Every meal tends to leave the same impression. Is the seared tilapia sandwich ($9) with Edam cheese and a fines herbes citrus mayo that bad? No, but a friend described it as “Holiday Inn-esque.” Is the Chicken Forestiere ($12), a breast sautéed in mushrooms, shallots, garlic, herbs and white wine so terrible? No, but it felt like the main dish at a low-end retirement dinner for someone. We expected more since Chef Bruce Calder has been doing high-end catering and country club kitchens (most recently Cheyenne Mountain Conference Resort) for most of his career.

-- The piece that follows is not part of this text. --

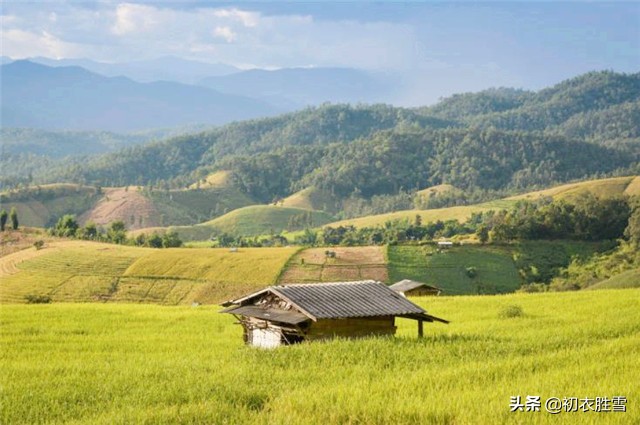 曹雪芹的理想国：一畦春韭绿，十里稻花香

Is the desert, excuse me, the “encore,” of raspberry Grand Marnier white chocolate bread pudding ($6) so bad? Yes. It looks gorgeous piled in a tall martini glass, but the red drizzle tastes like fake fruit flavor and the whipped cream is canned — the ultimate sin.

The dish tells you everything you need to know about Café 36. It’s all description and presentation and no love for real ingredients.

The service is also clunky. Everytime I’ve gone, the servers have forgotten to bring part of the meal, and they have a distracting habit, when clearing tables, of chucking left-over water over the balcony.

Making a go of the dining room at the Fine Arts Museum isn’t easy. No one in recent memory has done it well enough to last, or even be widely mourned in passing.

But sooner or later, let’s hope the right chef will see the potential. The inspiration for truly great food is screaming from the lintels: Art Deco and Anasazi, sophisticated new metropolitan style, fused in seamless, timeless brilliance with traditional, from-the-earth southwestern cuisine.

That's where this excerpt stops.